# WHAT TO PRODUCE
Please transcribe only the lines between the one containing "Orange 1970 custom" and the end of the records, both ends included, exactly as written; skip every picture.

RECORDED INFORMATION Start Marker

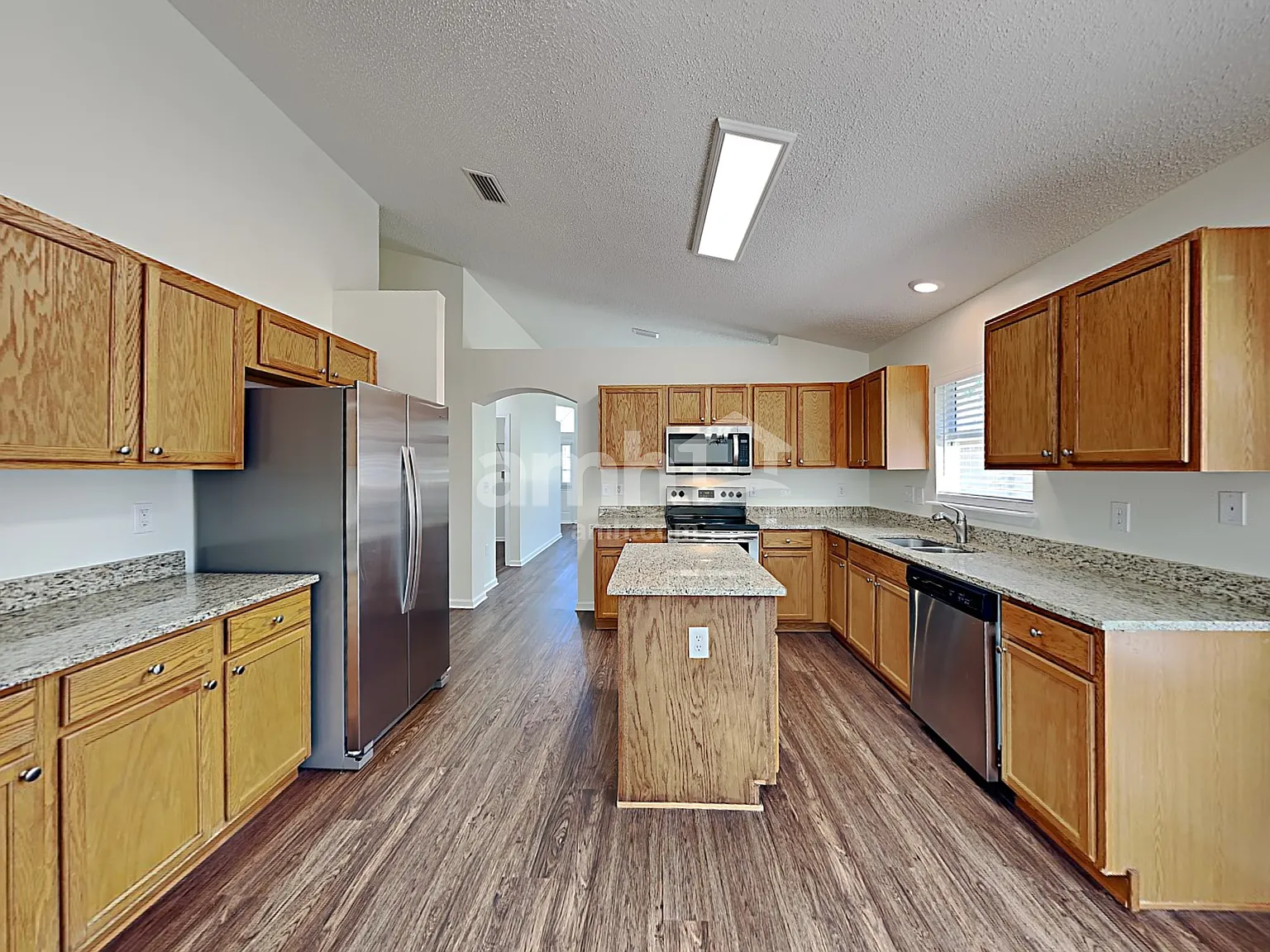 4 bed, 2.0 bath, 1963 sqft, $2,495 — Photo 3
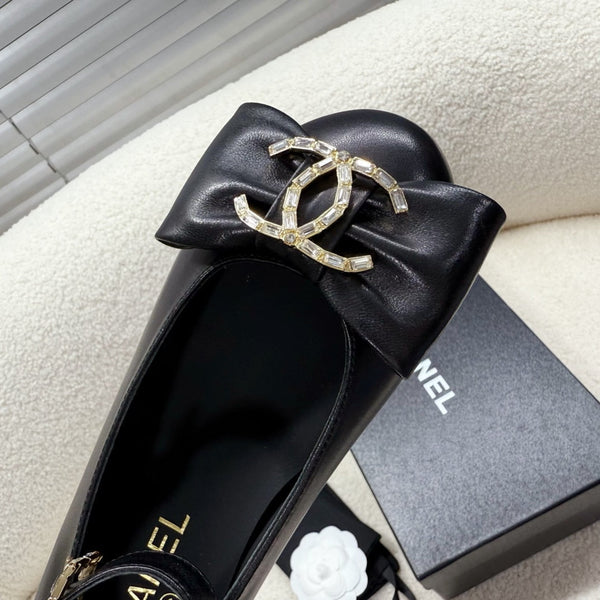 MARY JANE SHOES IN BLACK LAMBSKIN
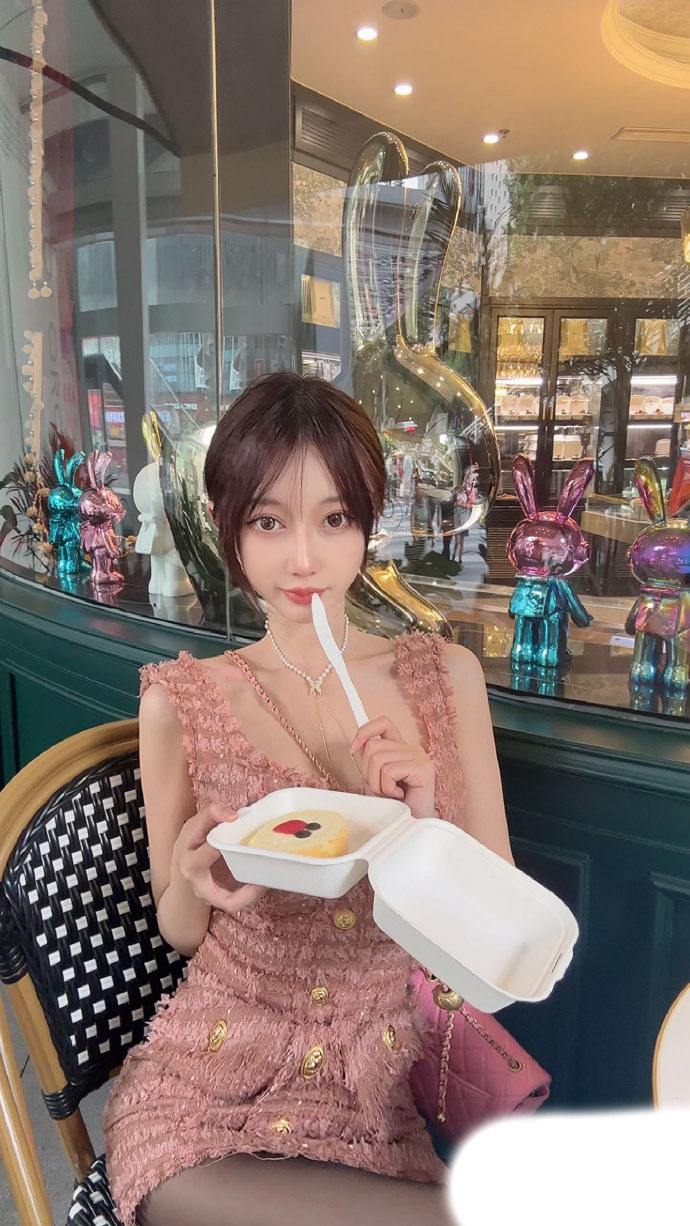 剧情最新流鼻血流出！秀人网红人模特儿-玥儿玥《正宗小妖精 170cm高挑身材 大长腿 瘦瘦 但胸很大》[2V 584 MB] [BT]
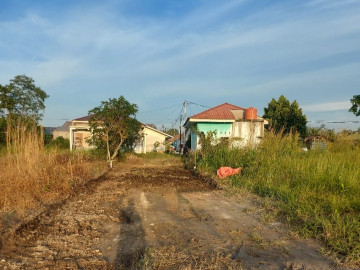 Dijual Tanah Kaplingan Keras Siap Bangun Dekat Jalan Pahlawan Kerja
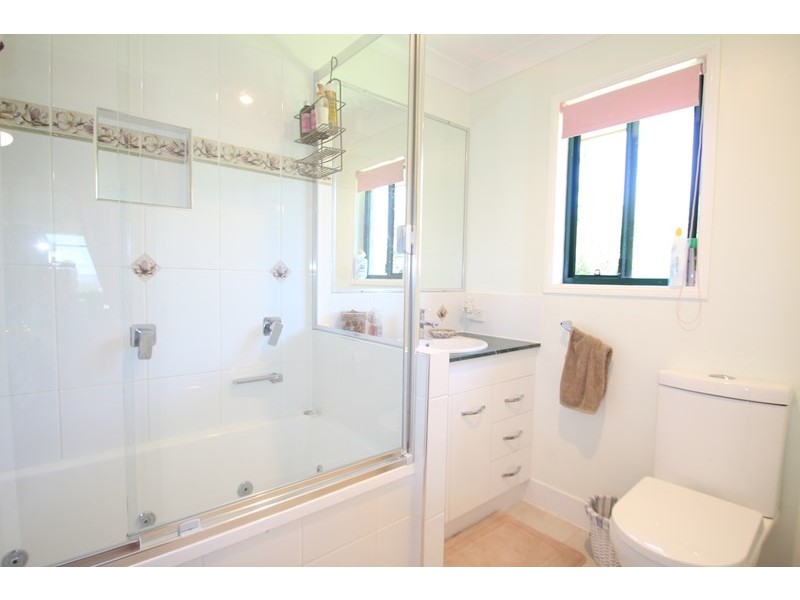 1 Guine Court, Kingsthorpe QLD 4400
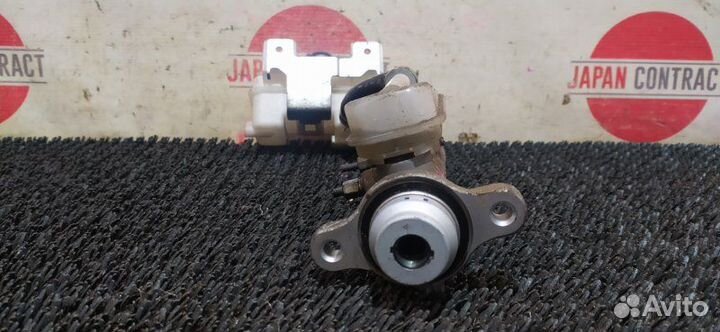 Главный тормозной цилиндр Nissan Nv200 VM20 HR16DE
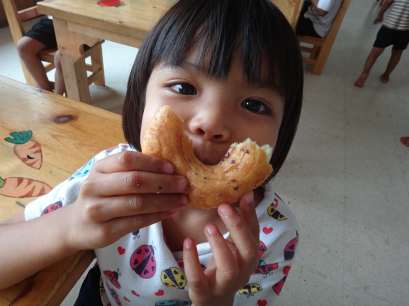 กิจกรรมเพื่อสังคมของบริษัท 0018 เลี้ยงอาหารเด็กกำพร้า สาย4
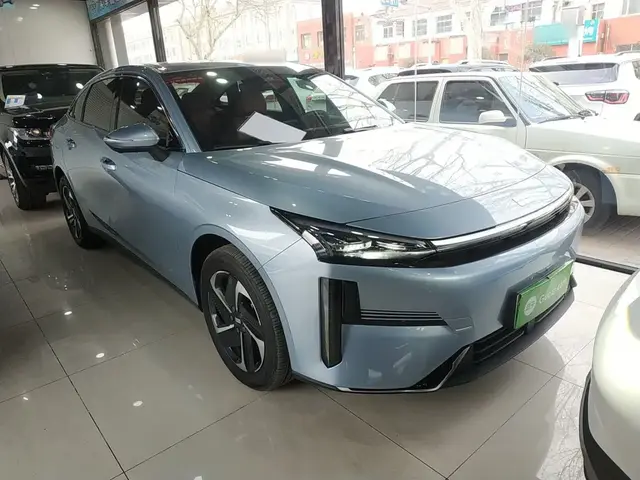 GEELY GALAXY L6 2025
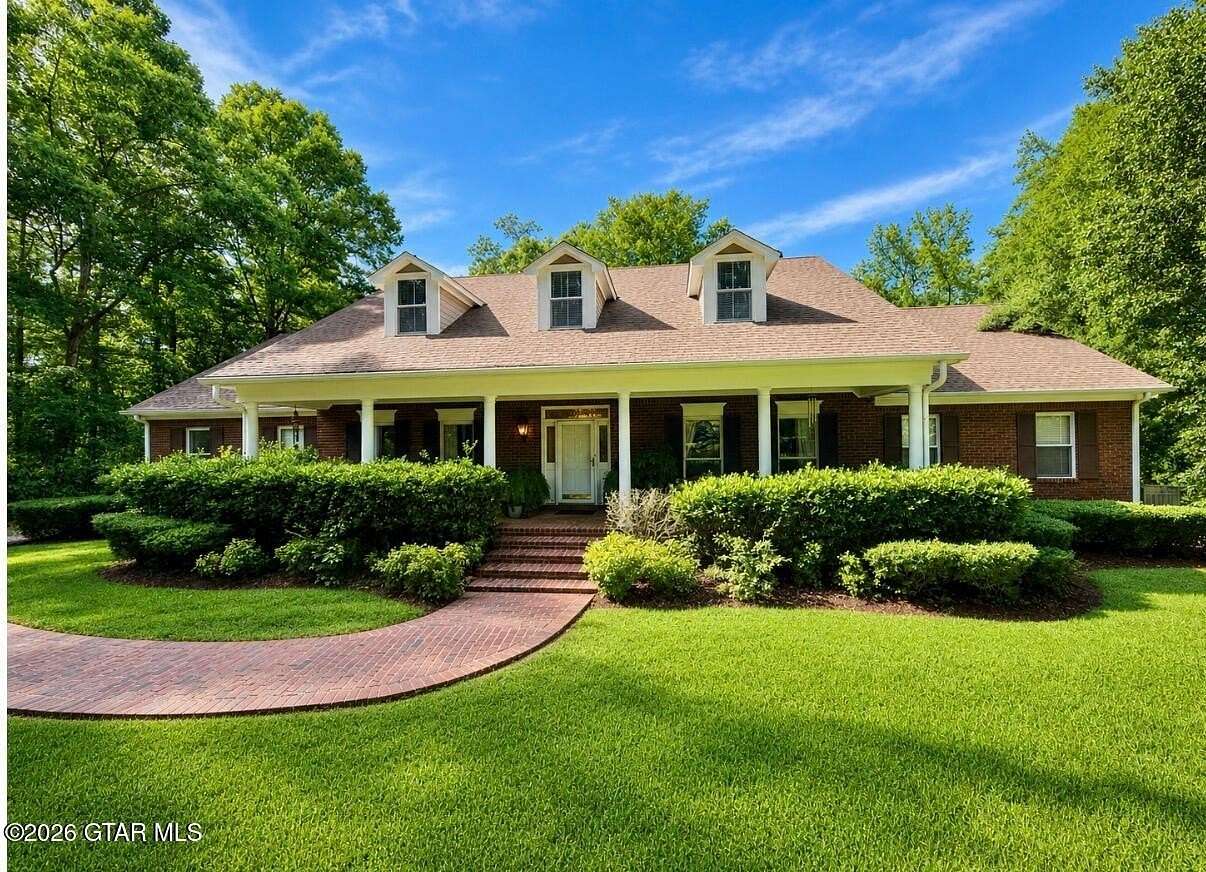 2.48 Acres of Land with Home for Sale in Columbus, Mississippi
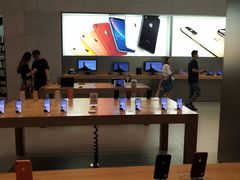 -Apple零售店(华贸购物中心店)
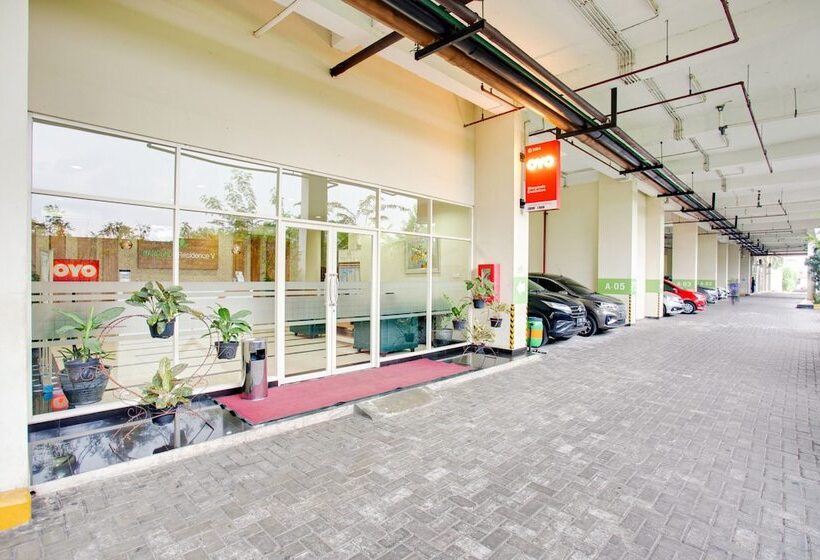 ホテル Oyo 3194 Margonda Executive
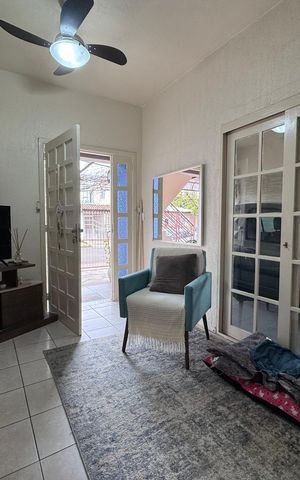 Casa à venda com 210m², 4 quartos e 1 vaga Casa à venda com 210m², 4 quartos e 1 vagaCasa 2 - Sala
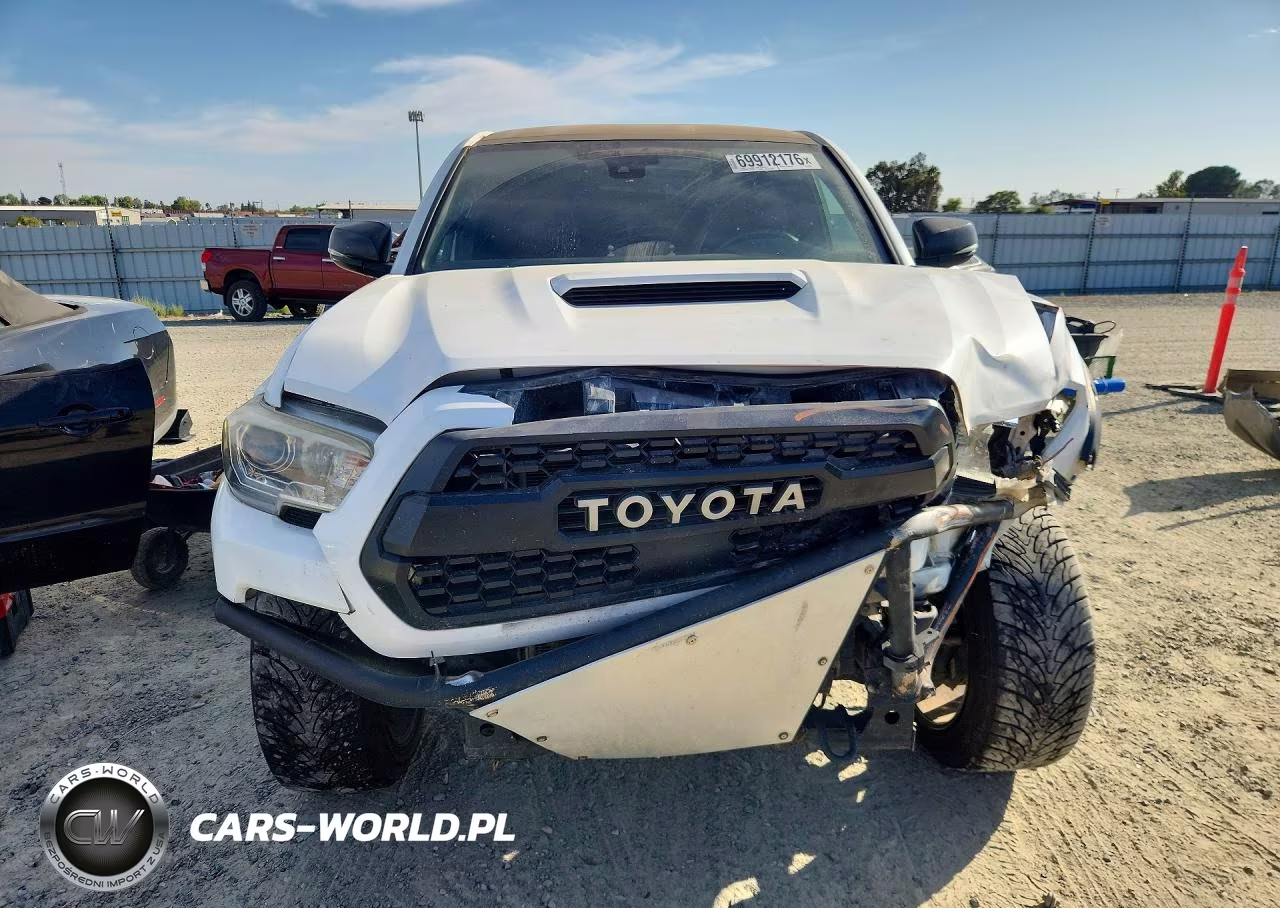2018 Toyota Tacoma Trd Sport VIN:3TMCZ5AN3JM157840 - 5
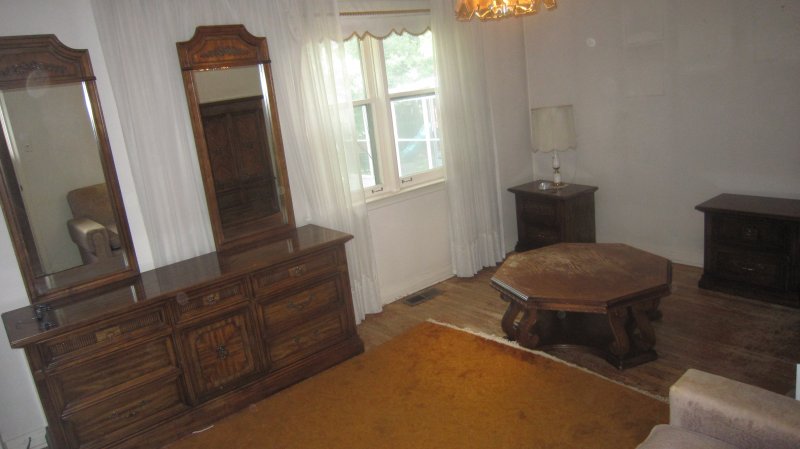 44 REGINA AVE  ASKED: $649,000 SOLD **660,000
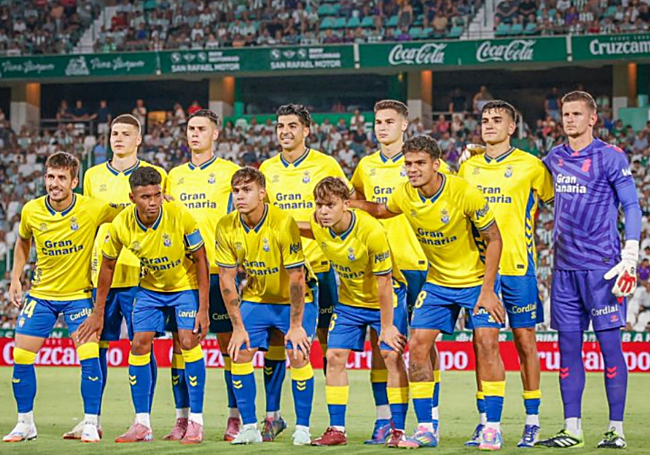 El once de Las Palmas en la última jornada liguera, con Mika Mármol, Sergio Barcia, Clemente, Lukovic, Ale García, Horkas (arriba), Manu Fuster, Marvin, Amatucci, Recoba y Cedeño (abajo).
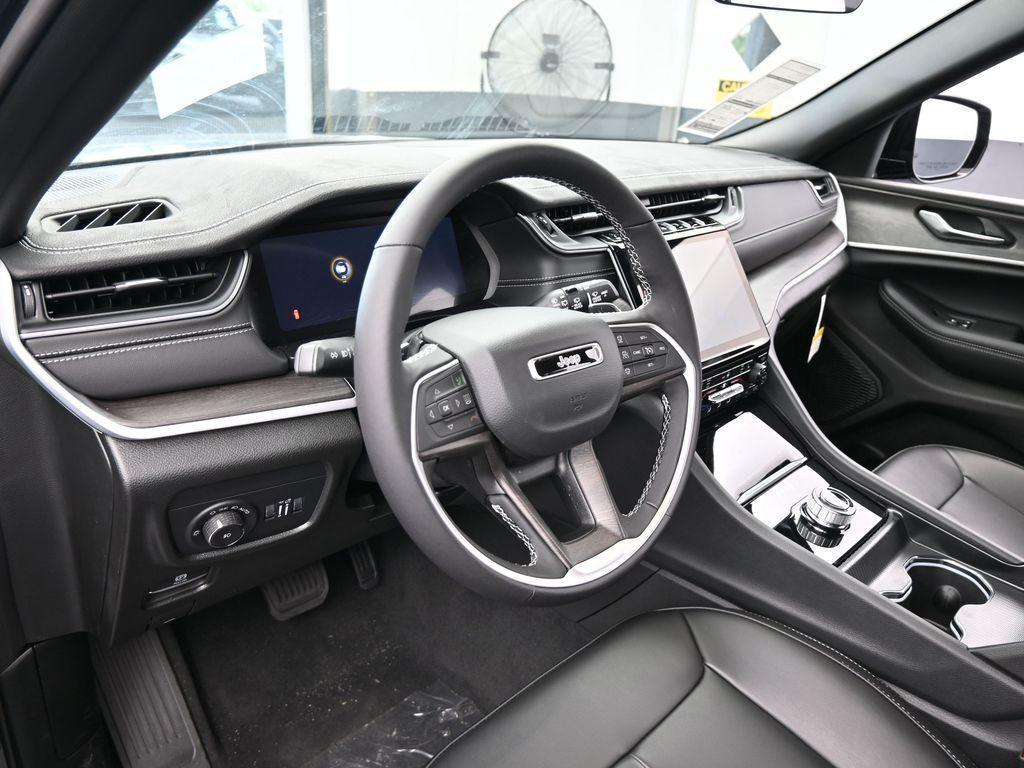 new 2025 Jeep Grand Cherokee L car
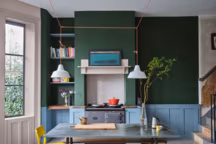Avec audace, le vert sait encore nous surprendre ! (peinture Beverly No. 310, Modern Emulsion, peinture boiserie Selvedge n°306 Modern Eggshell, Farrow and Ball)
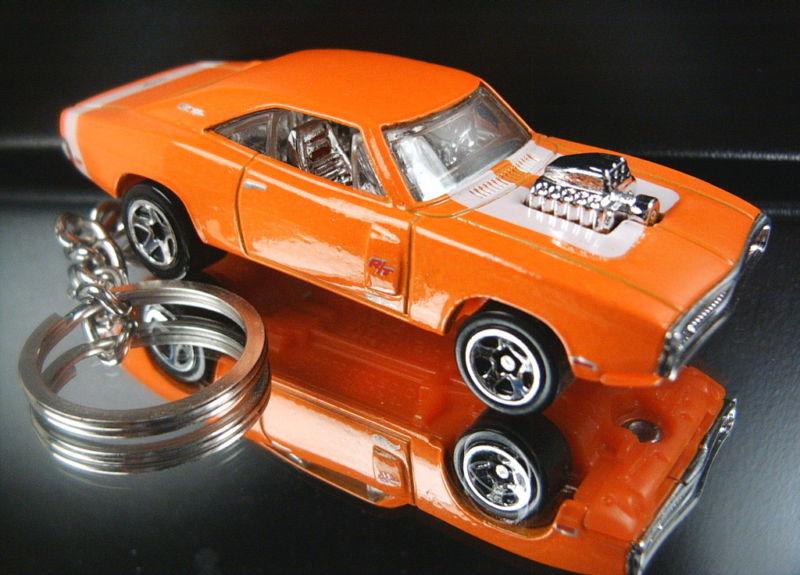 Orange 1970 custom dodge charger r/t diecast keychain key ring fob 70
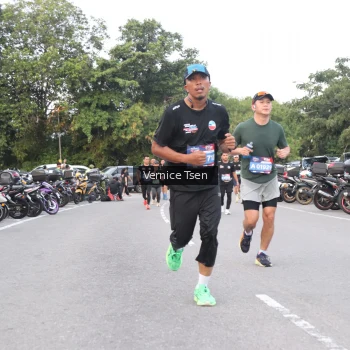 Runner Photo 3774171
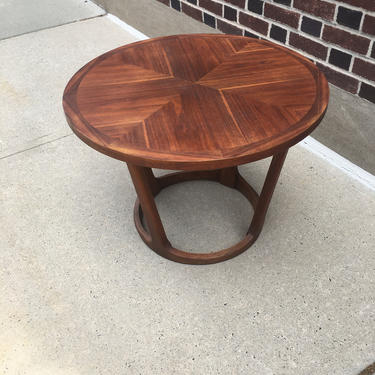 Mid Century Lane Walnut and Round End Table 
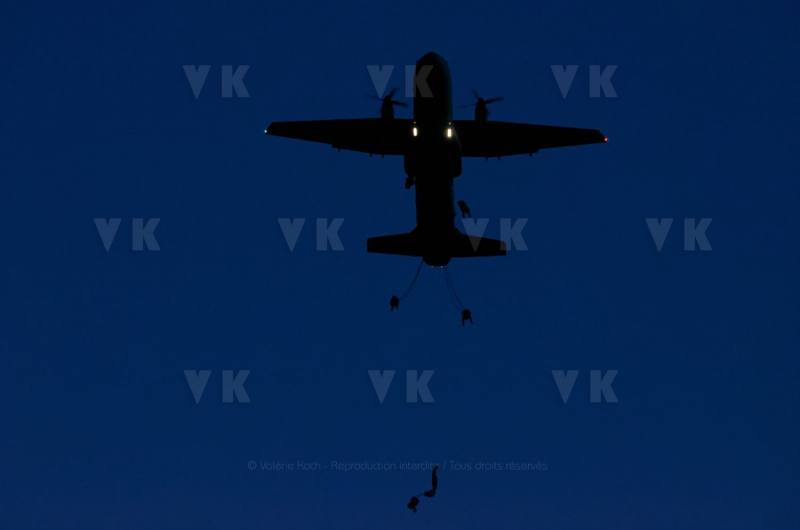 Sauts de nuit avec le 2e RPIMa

RECORDED INFORMATION End Marker

# REPLY
 Orange 1970 custom dodge charger r/t diecast keychain key ring fob 70
 Runner Photo 3774171
 Mid Century Lane Walnut and Round End Table 
 Sauts de nuit avec le 2e RPIMa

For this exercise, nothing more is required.